**DATA EXCERPT**
--------------------------------------------------

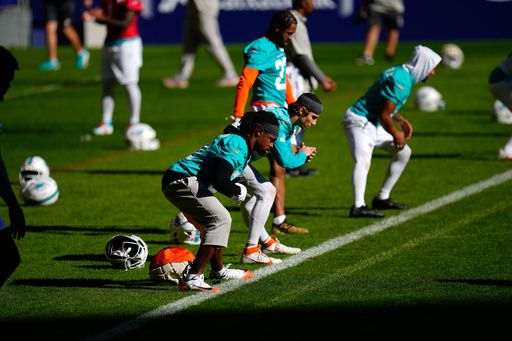 Dolphins buscan consolidar su victoria sorpresiva ante Bills al enfrentar a Commanders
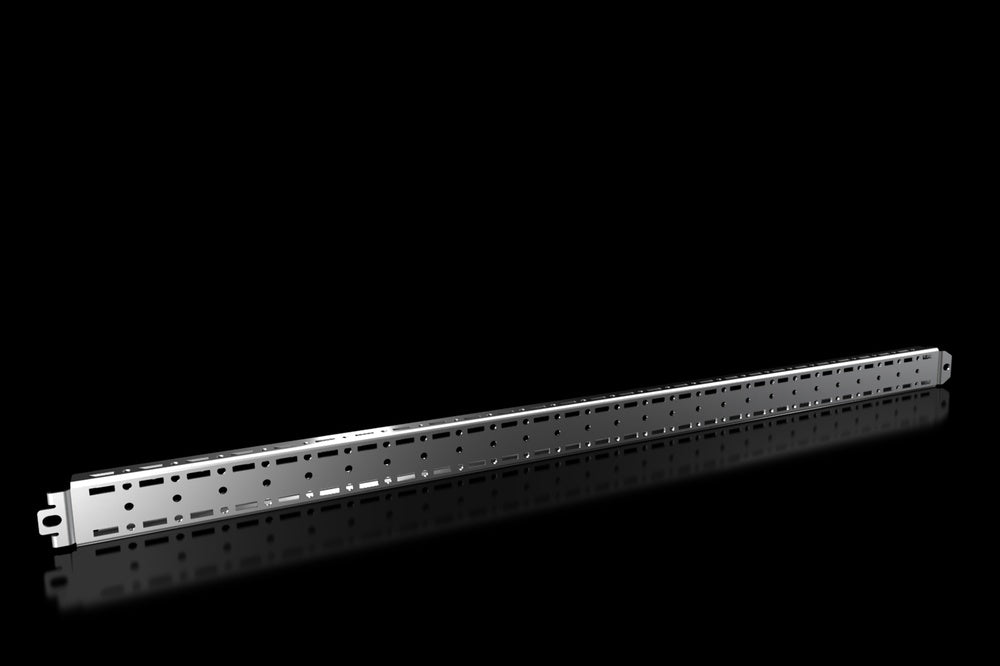 VX Mounting Rail 18x39mm 800mm - 8617730 [4 Pieces]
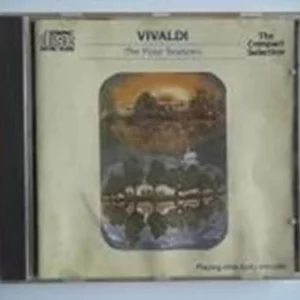 Orchestre de Chambre Jean-Francoise Pail - Vivaldi - The Four Seasons 1987 CD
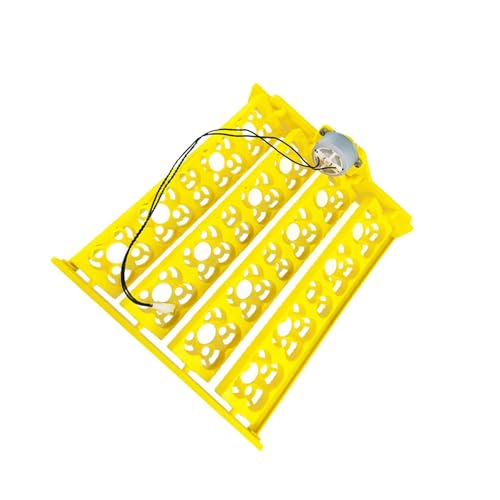 Bandeja para incubar huevos transpirable de 12V que evita el volteo manual mecánico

--------------------------------------------------

**EXERCISE OBJECTIVE**
Please write out the entire listing above exactly, but leave the pictures out.

**ANSWER FOR THIS EXERCISE**
 Dolphins buscan consolidar su victoria sorpresiva ante Bills al enfrentar a Commanders
 VX Mounting Rail 18x39mm 800mm - 8617730 [4 Pieces]
 Orchestre de Chambre Jean-Francoise Pail - Vivaldi - The Four Seasons 1987 CD
 Bandeja para incubar huevos transpirable de 12V que evita el volteo manual mecánico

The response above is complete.